# Traded my Flowerhorn for Gold Spilo and cash



## THE BLACK PIRANHA (Dec 8, 2003)

I just wanted to share a couple of pics of the new guy, what do you think. The guy gave me $50 and the spilo for the Flowerhorn.

This is the Flowerhorn








his is the new Guy


----------



## Ba20 (Jan 29, 2003)

nice grab !


----------



## AKSkirmish (Jun 24, 2005)

Myself would have kept that FH----And I'm a Mac lover....

Nice Mac though-Congrats...


----------



## THE BLACK PIRANHA (Dec 8, 2003)

I have my head up my A$$ this morning I should have put this in pics can you guys move topic?



AKSkirmish said:


> Myself would have kept that FH----And I'm a Mac lover....
> 
> Nice Mac though-Congrats...


I had him up for sale on CL and the guy called me and all he knew it was a gold piranha, he didnt know what kind so I was curios so I said I would trade.


----------



## FEEFA (Nov 19, 2007)

Nice Mac but I would also have kept the flowerhorn


----------



## notaverage (Sep 10, 2005)

good trade I guess but isn't that a quality FH specimen?


----------



## T-wag (May 21, 2009)

i think thats a good as deal man


----------



## AKSkirmish (Jun 24, 2005)

notaverage said:


> good trade I guess but isn't that a quality FH specimen?
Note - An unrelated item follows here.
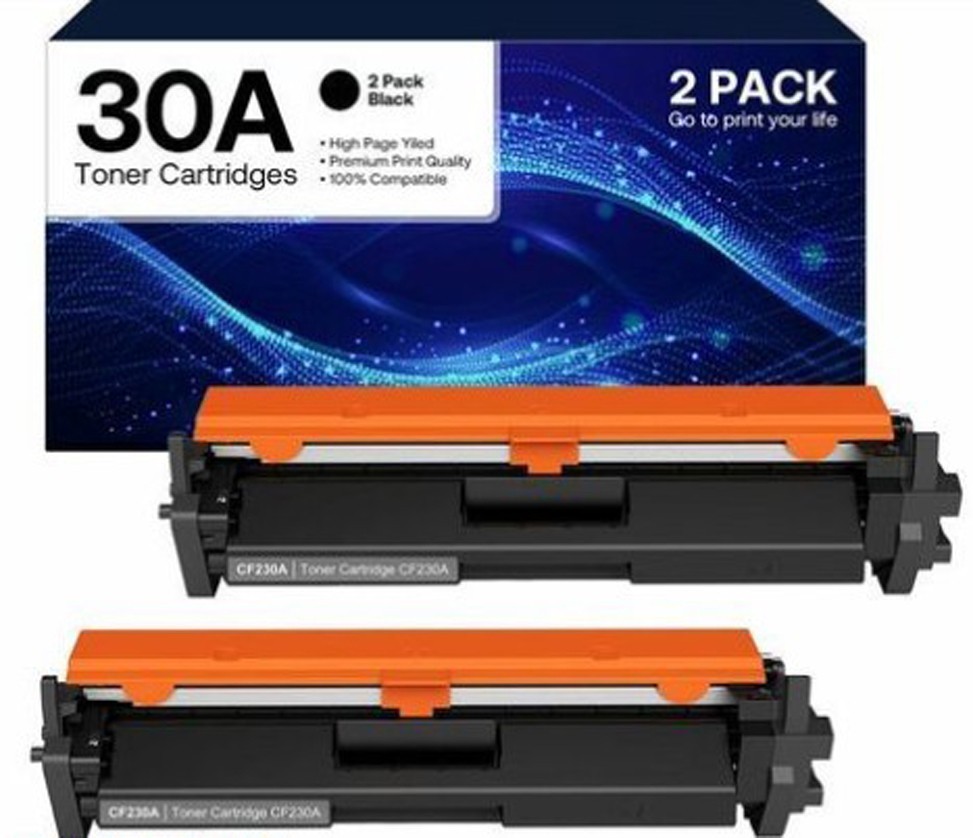 2PK CF230X BK Toner Cartridge for HP 30X LaserJet Pro MFP M227fdn M203dw M203dn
It could be considered a so,so varient-

It's nothing exceptional-But is a higher quality one for say........It's certainly well above average for FH....


----------



## notaverage (Sep 10, 2005)

You could have bought that Mac for $50-$75.00...What do FH go for at that size?


----------



## THE BLACK PIRANHA (Dec 8, 2003)

notaverage said:


> You could have bought that Mac for $50-$75.00...What do FH go for at that size?


I bought him at a lfs for 50 but on aqua bid atleast 150 to 250 and up. He was a nice fish but the guy came to my house and seen the 13 inch black and said when he gets some more $ that he would like to trade the FH and a nice chunk of $ for the RHOM. I have the rhom up for 350 on craigs list.

This is the one he wants.


----------



## AKSkirmish (Jun 24, 2005)

notaverage said:


> You could have bought that Mac for $50-$75.00...What do FH go for at that size?
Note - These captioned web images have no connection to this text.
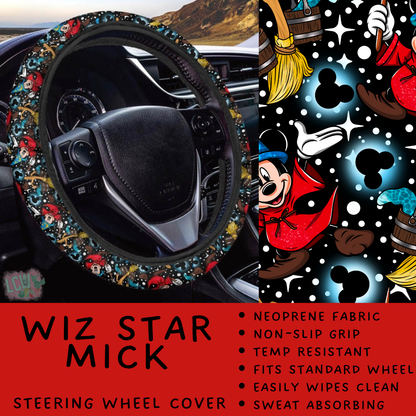 Batch #554 - Car Accessories 3 - Closes 7/10 - ETA early/mid Sept - Wiz Star Mick Steering Wheel Cover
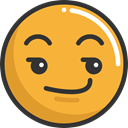 Smileys, cool, emoticons, Emoji, feelings Goldenrod icon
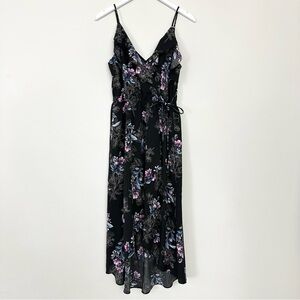 Meghan Los Angeles Floral Faux Wrap Dress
That would really depend on many factors.....
All in all not a bad trade really------Macs are just a dime a dozen-but aggressive generally and good lookers......FH are way more personable that a p could ever be,loads of aggression generally speaking.And love to interact with said owners,etc,etc.......

It really just boils down to what the owner themselves wants.....
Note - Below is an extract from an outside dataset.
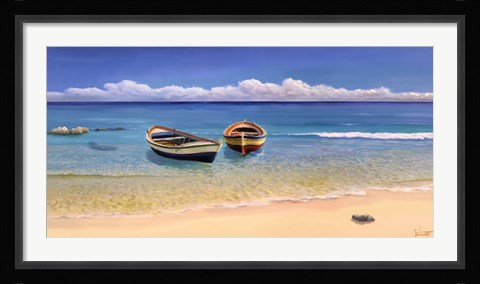 Framed Canto mediterraneo Print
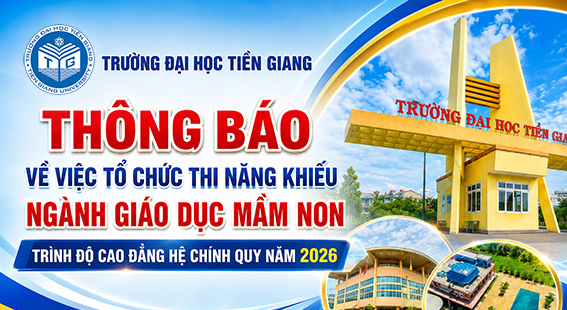 Thông báo v/v tổ chức thi năng khiếu ngành Giáo dục Mầm non năm 2026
Once again though that is a nice Mac you got yourself.......Enjoy it.......


----------



## T-wag (May 21, 2009)

lol i want ur rhom haha....no room tho =/ im workin on gettin a 2in rhom right now lol


----------



## THE BLACK PIRANHA (Dec 8, 2003)

T-wag said:


> lol i want ur rhom haha....no room tho =/ im workin on gettin a 2in rhom right now lol


Are you getting the one from Blue Flame?


----------



## mose (Oct 12, 2009)

wait so that flowerhead thing is aggressive? lol awesome. reminds me of a parrot fish, which are the epitome of non-aggression.


----------



## AKSkirmish (Jun 24, 2005)

mose said:


> wait so that flowerhead thing is aggressive? lol awesome. reminds me of a parrot fish, which are the epitome of non-aggression.


Not all-

Wanna see a badass one-Go check out some of my previous vids on my FH.....As a  general rule of thumb-Yeah they are aggressive.....


----------



## skylute3 (Nov 30, 2007)

I say good trade....but I only dig p's. That fh is one ugly mofo....nice looking mac!


----------



## notaverage (Sep 10, 2005)

What size tanks the Rhom in?
Looks good.


----------



## THE BLACK PIRANHA (Dec 8, 2003)

AKSkirmish said:


> What size tanks the Rhom in?
> Looks good.


He is in my 90.


----------



## AKSkirmish (Jun 24, 2005)

R.I.P big boy....


























































And here is what he looked like a few days after I brought him home.....


----------



## THE BLACK PIRANHA (Dec 8, 2003)

AKSkirmish said:


> R.I.P big boy....
> 
> And here is what he looked like a few days after I brought him home.....


Damn he was a beast. RIP


----------



## mose (Oct 12, 2009)

what an amazing fish.


----------



## AKSkirmish (Jun 24, 2005)

THE BLACK PIRANHA said:


> R.I.P big boy....
> 
> And here is what he looked like a few days after I brought him home.....


Damn he was a beast. RIP
[/quote]

14.5 inch on tape at time of death.....Anyhow yours was nicer-Mine was more special in it's own ways.....


----------



## His Majesty (Apr 5, 2005)

nice new spilo

but i would also kept the flowerhorn. but each to their own


----------



## mose (Oct 12, 2009)

how much do flowerhorns go for at LFCs?


----------



## cobrafox46 (Jun 2, 2008)

Sorry fellas, flame all you want....Flowerhorns are the most hideous fish I have ever seen. What is the obsession? That hump on the head and they are pink, seriously. They are aggressive but a fish like that can be because it does not have the tools to do anything with its aggression other than butt other fish, lock lips, and stress other fish to death. It is like the 80lb kid in high school that always acted tough and mouthed off but in the end if someone wanted to hurt him they could. Imagine if Piranha, Snakeheads, Wolffish, etc. had the attitude of cichlids in general.....they would demolish the ecosystem and kill everything because of their ability to rip sh*t to shreds with little effort. IMO that is why they are designed to be skittish and not as aggressive or there would be no more other fish. If that is what you want it is cool but definitely not for me.

I love the Mac BTW!


----------



## notoriouslyKEN (Jul 31, 2003)

Sweet Flower horn and Mac. Both are good looking fish and I'd take either of them


----------



## Blue Flame (Jan 16, 2006)

Flowerhorns are cool, and macs are cool. Personally, I like having both for pets! I would have kept that Monster, but that's me. Enjoy the mac. They are fun too, just not as much personality.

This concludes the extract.